In this comprehensive examination of Latin jazz, John Storm Roberts, British-born, U.S.-based music journalist and author of Black Music of Two Worlds and The Latin Tinge, details the diversity and history of this often overlooked genre. Writing for the novice, Roberts outlines the presence of Afro-Hispanic rhythms and musical forms in African-American jazz: exploring turn-of-the-century New Orleans, where the Cuban Habanera and Argentinean tango rhythms were synthesized into the ragtime of Scott Joplin and the jazz of Jelly Roll Morton in the early 1920s; the creation of the mambo by bassist Israel "Cachao" Lopez and the incorporation of the conga drum by Chano Pozo into Dizzy Gillespie's big band and bebop combos in the '30s and '40s; and the popularization of the samba by American saxophonist Stan Getz and Brazilian composer Antonio Carlos Jobim with the 1960s hit, "The Girl from Ipanema."

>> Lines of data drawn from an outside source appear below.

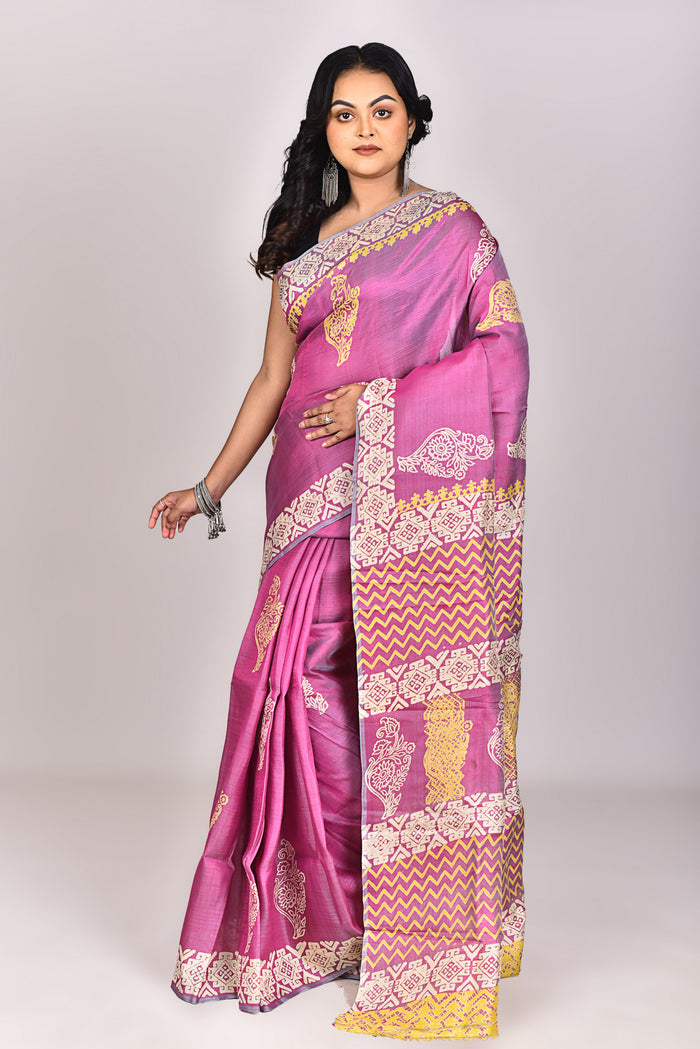 Women's Katan Silk Block Saree With Blouse Piece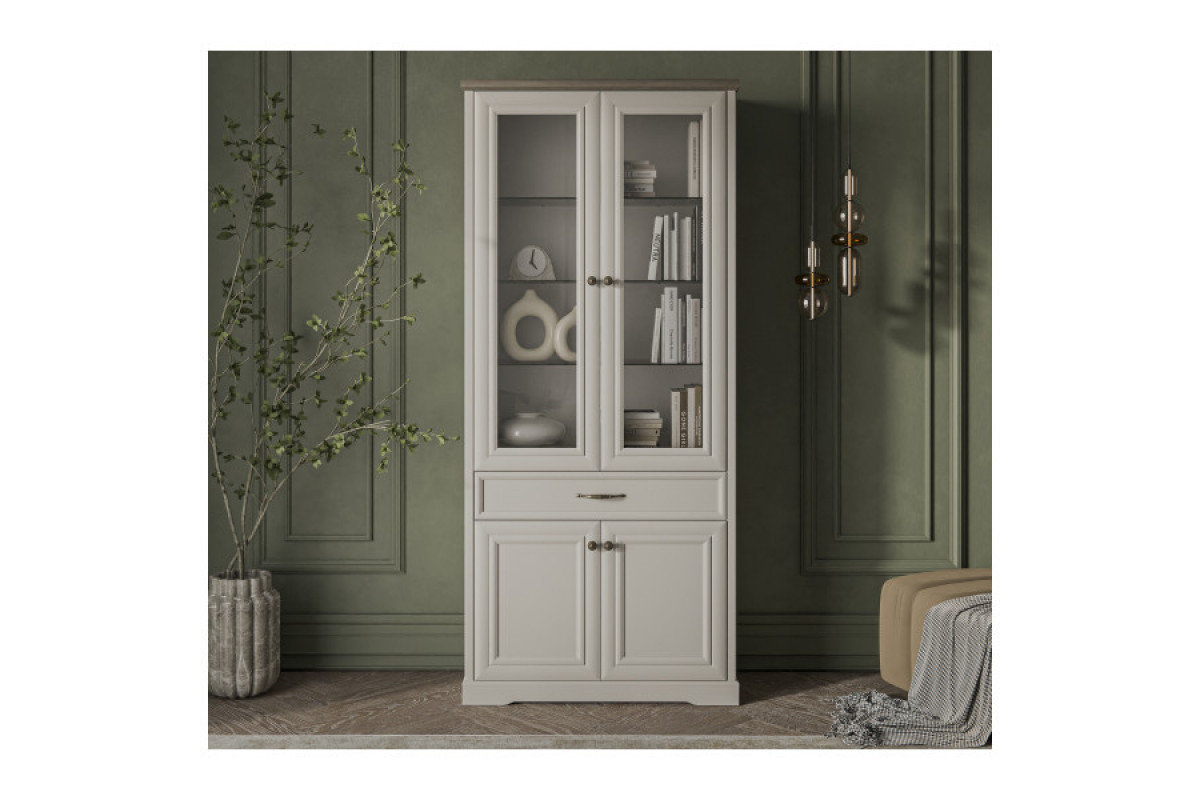 TOSCANA NEW, Шкаф с витриной 2V2D1S. Цвет ПЕРСИДСКИЙ ЖЕМЧУГ/КАНЬОН TOSCANA NEW, Шкаф с витриной 2V2D1S. Цвет ПЕРСИДСКИЙ ЖЕМЧУГ/КАНЬОН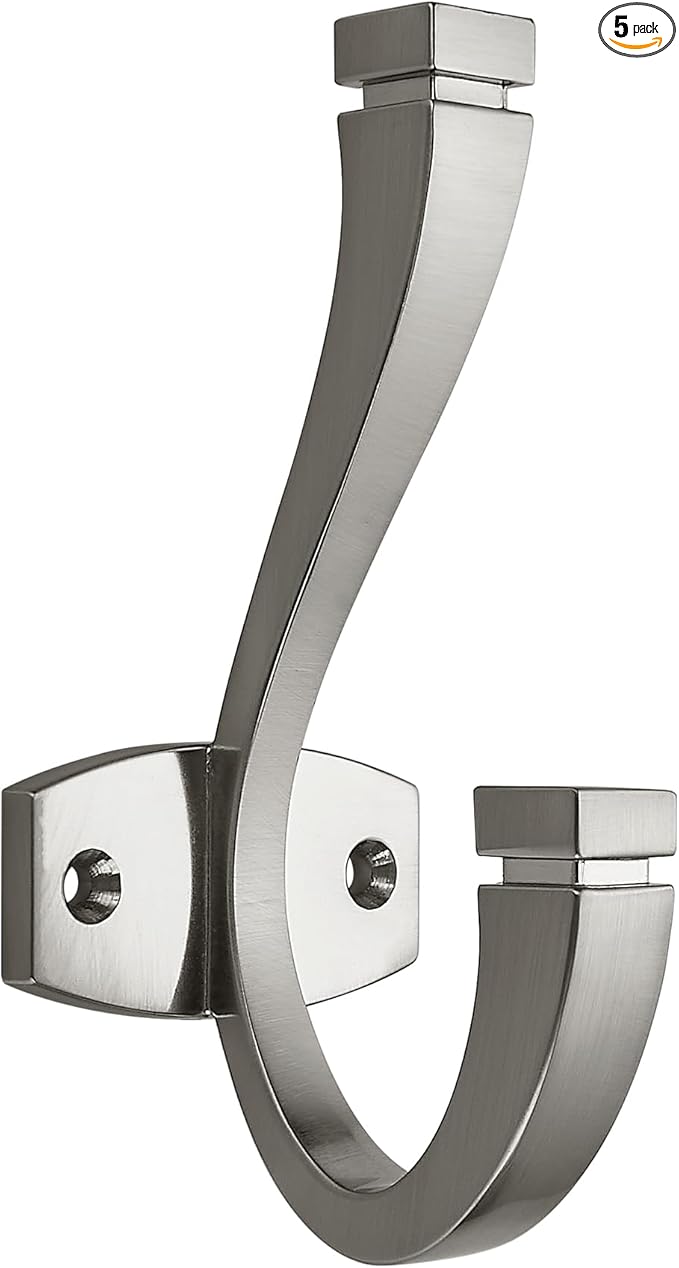 SAILING Coat Hooks - 3 Pack Brushed Nickel Towel Hooks Robe Hooks Decorative Wall Hooks for Bathroom Bedroom Kitchen Towel Robe Clothes Cabinet Closet Bathroom Hardware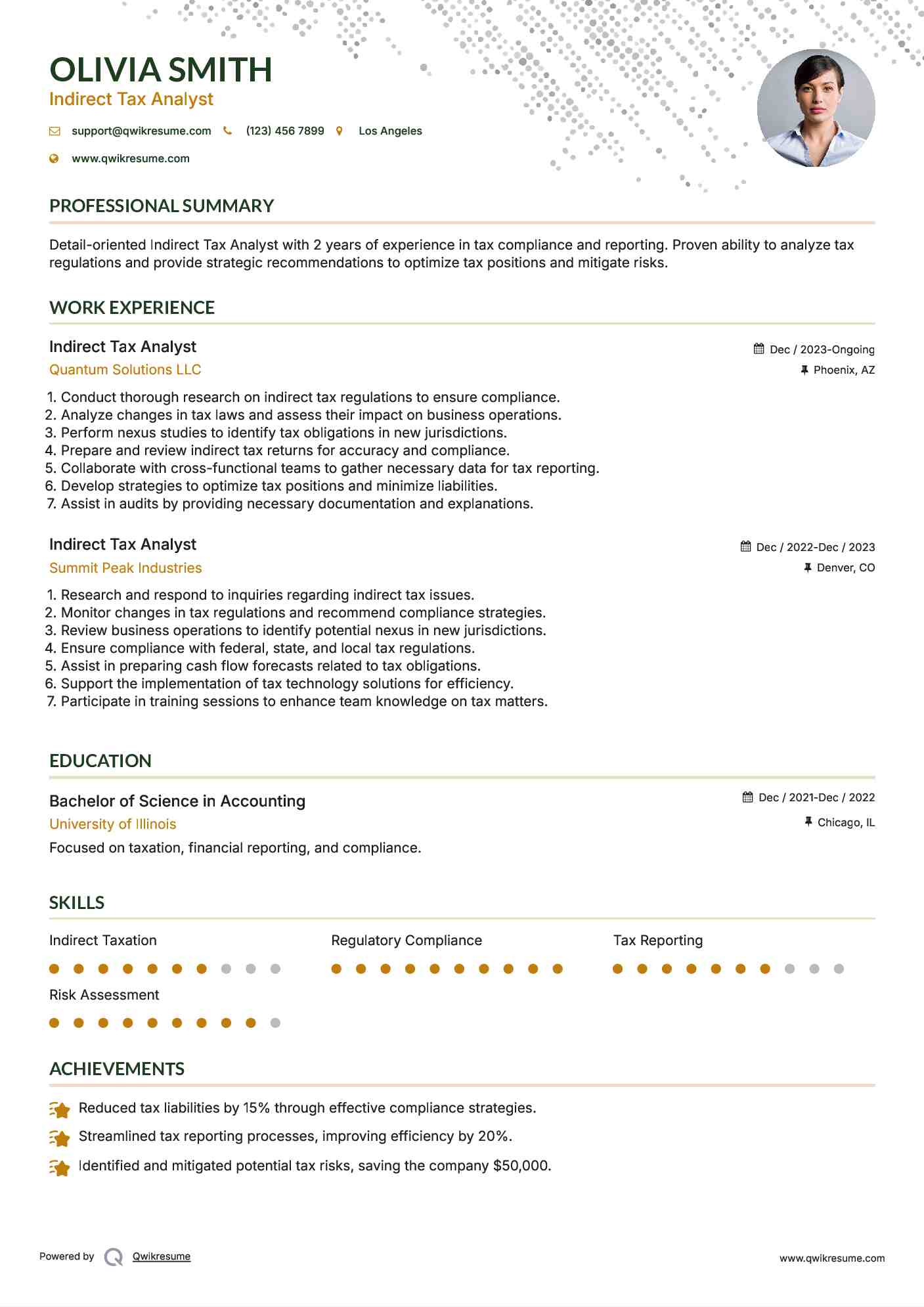 Indirect Tax Analyst Resume Model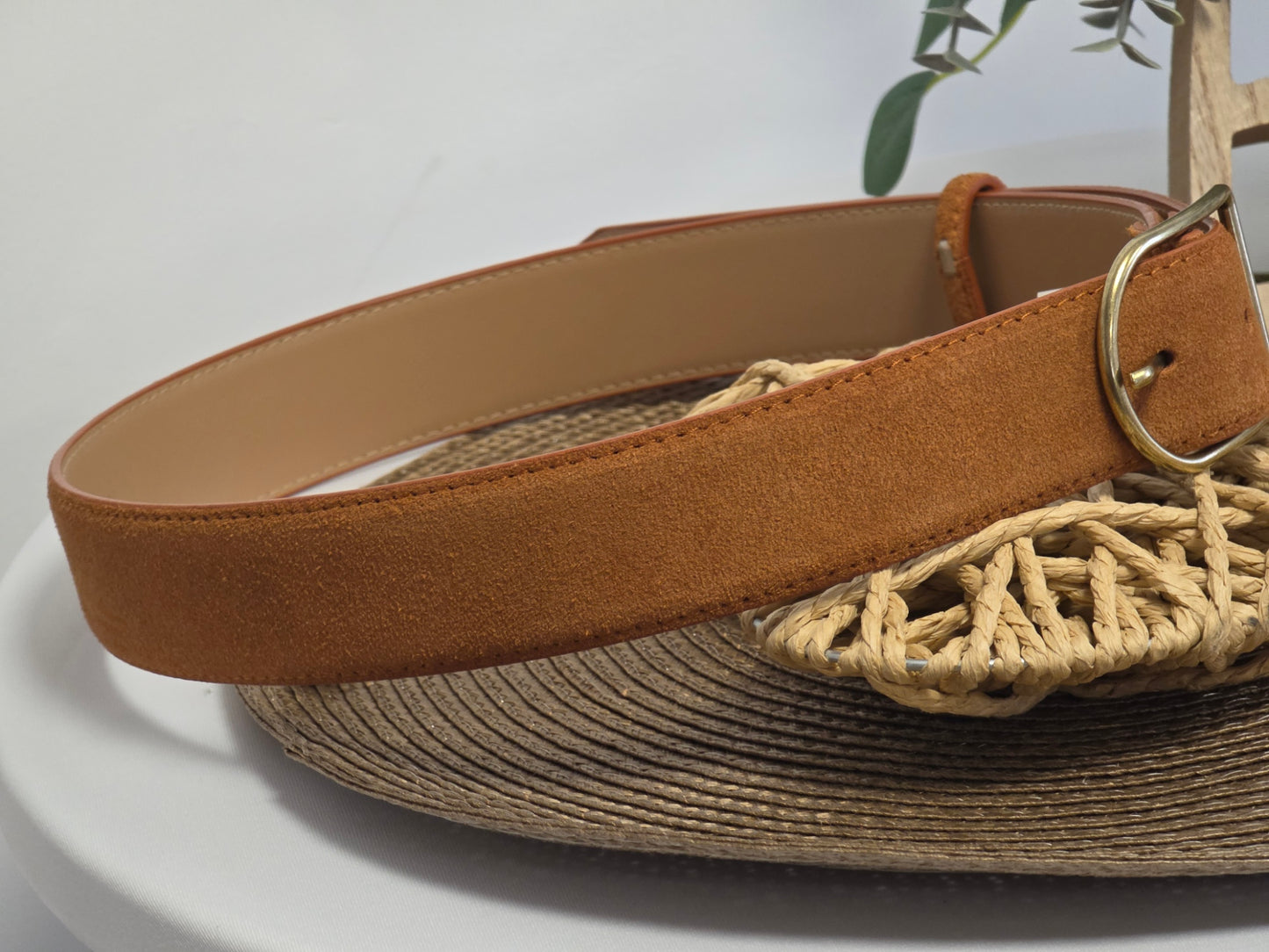 Ceinture Croûte de Cuir Daim Camel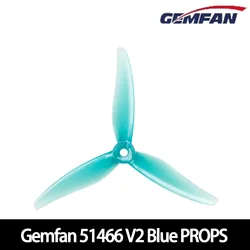 GEMFAN Hurricane 3 - Blade PC Propellers - Pack of 2 Pairs (2 Pairs Blue)
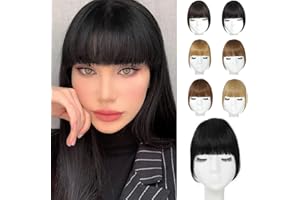 YBYMCAI Clip In Bangs-Fake Bangs Hair Clip Natural Black Clip On Bangs Real Human Hair Curtain Bangs For Women Clips French Bangs Hair Extensions Fringe With Temples Hairpieces Curved Bangs For Daily Wear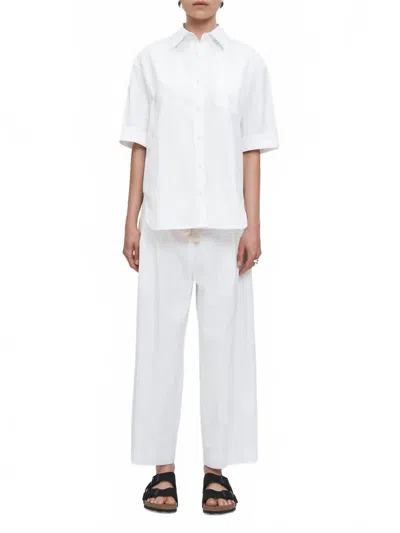 Maria Mcmanus Oversized Elbow-length Cuffed Sleeved Shirt In White/white Stripe In Multi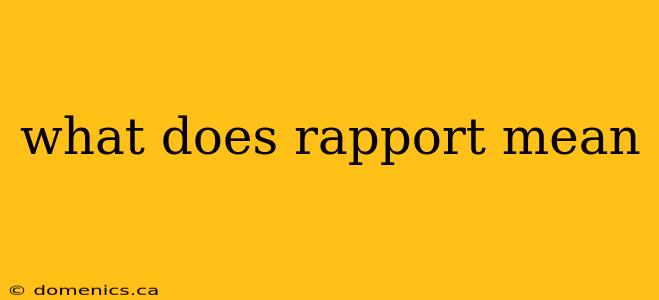 what does rapport mean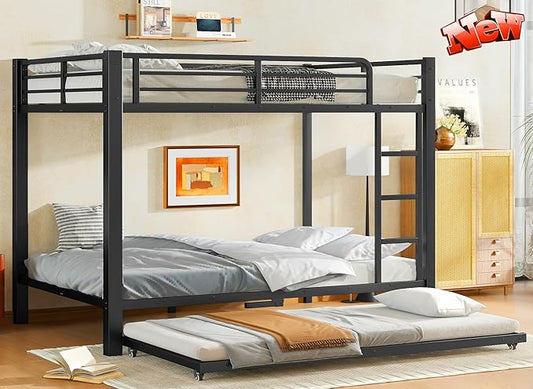 Upgraded Version Thicken Stronger Metal Heavy-Duty Full Over Full Bunk Bed with Twin Size Trundle, Bunk Bed for Adults with Ladders, Easy Assemble (Full/Full)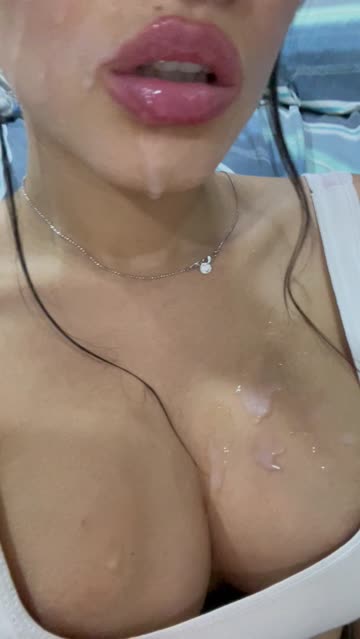 face full of milk after a great fuck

In detailing the history of this Pan-American musical mélange, Roberts's definitions of key Latin jazz terms are to the point and free of music-critic jargon. For example, he describes the 3/2 or 2/3 rhythmic pattern known as the Cuban clave as "a simplification, under a Euro-Latin influence, of a common West African organizing concept that consists of a regular total number of sounds and silences, usually carried on a bell." Roberts also introduces the reader to the many Caribbean, Central, and South American musicians who have moved and grooved the U.S. for decades, including Puerto Rican pianists and percussionists Eddie Palmieri, Tito Puente, Ray Barretto, and Jerry Gonzalez; the Argentinean nuevo tango creator Astor Piazzolla; the Cubano conguero Mongo Santamaria, and the Swedish-American vibraphonist Cal Tjader. Throughout this well-researched volume, Roberts reveals how the artistic contributions of Spanish- and Portuguese-speaking neighbors have enriched American music, and impresses upon us the fact that "the Latin tinge was one of the most crucial elements in the universality of jazz." --Eugene Holley Jr.